Leyk Janina, Daly Conor, Janssen-Bienhold Ulrike, Kennedy Breandán N, Richter-Landsberg Christiane
Department of Neuroscience, Molecular Neurobiology, University of Oldenburg, Oldenburg D-26111, Germany.
School of Biomolecular and Biomedical Science, Conway Institute, University College Dublin, Belfield, Dublin D04 V1W8, Ireland.
Cell Death Dis. 2017 Aug 31;8(8):e3028. doi: 10.1038/cddis.2017.415.
Retinal diseases, such as hereditary retinitis pigmentosa and age-related macular degeneration, are characterized by the progressive loss of photoreceptors. Histone deacetylase 6 (HDAC6) is considered as a stress surveillance factor and a potential target for neuroprotection and regeneration. Overexpression of HDAC6 has been connected to neurodegenerative disorders, and its suppression may provide protection. Here we show that HDAC6 is constitutively present in the mouse retina, and in the cone-like mouse cell line 661W. In 661W cells HDAC6 inhibition by the specific inhibitor tubastatin A (TST) led to the acetylation of α-tubulin, which is a major substrate for HDAC6. After oxidative stress, exerted by hydrogen peroxide, TST promoted cell survival and the upregulation of heat-shock proteins HSP70 and HSP25 by activation of heat-shock transcription factor 1. Furthermore, in response to oxidative stress the redox regulatory protein peroxiredoxin 1 (Prx1) was modulated in 661W cells by HDAC6 inhibition. The peroxide reducing activity of Prx1 is dependent on its acetylation, which is mediated by HDAC6. Pre-incubation with TST prevented the inactivation of Prx1 and its preserved activity may exert protective effects in photoreceptor cells. To determine whether TST treatment has a therapeutic effect on visual function, the dye zebrafish model of inherited sight loss was utilized. Zebrafish have developed as a suitable model system for pharmacological testing. In vivo application of TST caused the hyperacetylation of α-tubulin, indicating that HDAC6 is active in this model. Furthermore, TST was sufficient to rescue visual function and retinal morphology. Hence, HDAC6 inhibition and the regulation of peroxiredoxin activity may play a significant role in protecting retinal cells and in particular photoreceptors, which are exposed to high levels of reactive oxygen species derived from oxidative stress-induced injuries.
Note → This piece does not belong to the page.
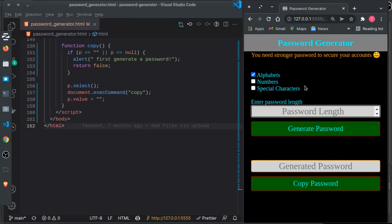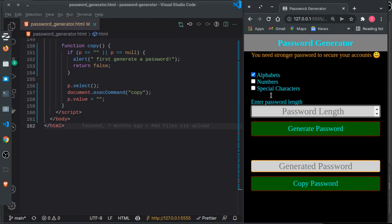This is a simple password generator built with HTML, CSS, and JavaScript. I'm going to demonstrate how it works. If you're interested in the source code, make sure to star that project.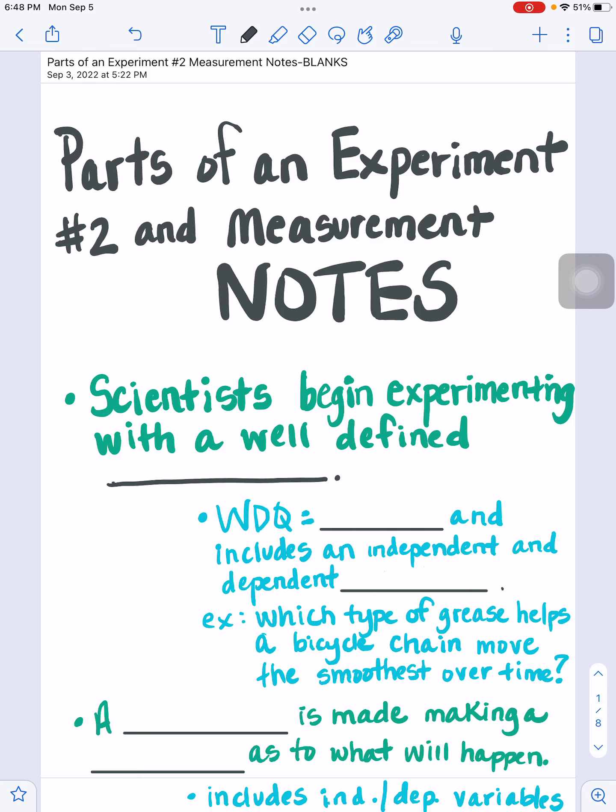Hello there! These are your parts of an experiment number two and also measurement notes. Please follow along, listen, be writing in when we get to a blank, and use these again to study for the upcoming assignments and assessments. Here we go.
视网膜疾病,如遗传性视网膜色素变性和年龄相关性黄斑变性,其特征是光感受器逐渐丧失。组蛋白去乙酰化酶6(HDAC6)被认为是一种应激监测因子以及神经保护和再生的潜在靶点。HDAC6的过表达与神经退行性疾病有关,抑制它可能提供保护作用。在这里我们表明,HDAC6在小鼠视网膜以及类视锥小鼠细胞系661W中持续存在。在661W细胞中,特异性抑制剂tubastatin A(TST)抑制HDAC6导致α-微管蛋白乙酰化,α-微管蛋白是HDAC6的主要底物。在用过氧化氢施加氧化应激后,TST通过激活热休克转录因子1促进细胞存活以及热休克蛋白HSP70和HSP25的上调。此外,在氧化应激反应中,HDAC6抑制调节了661W细胞中的氧化还原调节蛋白过氧化物酶1(Prx1)。Prx1的过氧化物还原活性取决于其乙酰化,而这是由HDAC6介导的。用TST预孵育可防止Prx1失活,其保留的活性可能在光感受器细胞中发挥保护作用。为了确定TST治疗是否对视功能有治疗作用,使用了遗传性视力丧失的染料斑马鱼模型。斑马鱼已发展成为一种适合进行药理学测试的模型系统。TST的体内应用导致α-微管蛋白高度乙酰化,表明HDAC6在该模型中具有活性。此外,TST足以挽救视功能和视网膜形态。因此,HDAC6抑制和过氧化物酶活性调节可能在保护视网膜细胞尤其是光感受器方面发挥重要作用,这些光感受器暴露于氧化应激诱导损伤产生的高水平活性氧中。